SUPPLIED MATERIAL
Segment Open

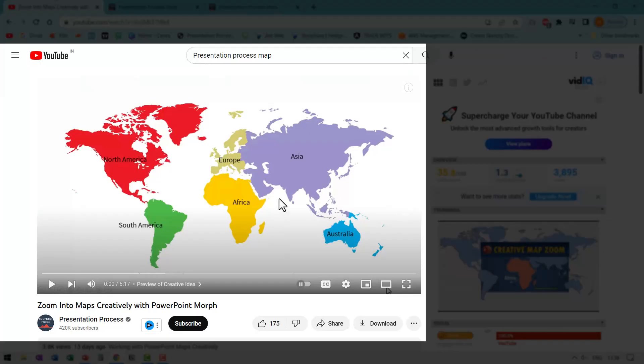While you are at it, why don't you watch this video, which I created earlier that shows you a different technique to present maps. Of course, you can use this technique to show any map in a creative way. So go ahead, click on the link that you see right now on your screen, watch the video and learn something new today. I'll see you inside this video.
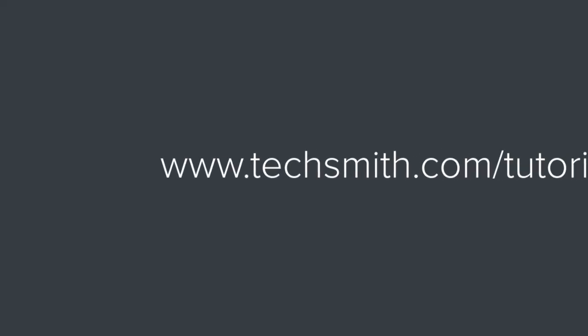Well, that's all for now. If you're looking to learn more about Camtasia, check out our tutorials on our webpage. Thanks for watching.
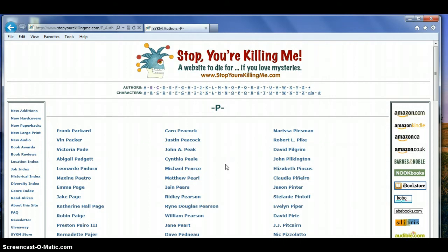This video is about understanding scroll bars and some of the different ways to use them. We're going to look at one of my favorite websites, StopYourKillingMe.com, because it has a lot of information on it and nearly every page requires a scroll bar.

Segment Closed

TASK BRIEF
What do the lines above say from the line containing "Well, that's all" through the last line? Quote them exactly, both ends included, and leave out the pictures.

TASK RESULT
Well, that's all for now. If you're looking to learn more about Camtasia, check out our tutorials on our webpage. Thanks for watching.
This video is about understanding scroll bars and some of the different ways to use them. We're going to look at one of my favorite websites, StopYourKillingMe.com, because it has a lot of information on it and nearly every page requires a scroll bar.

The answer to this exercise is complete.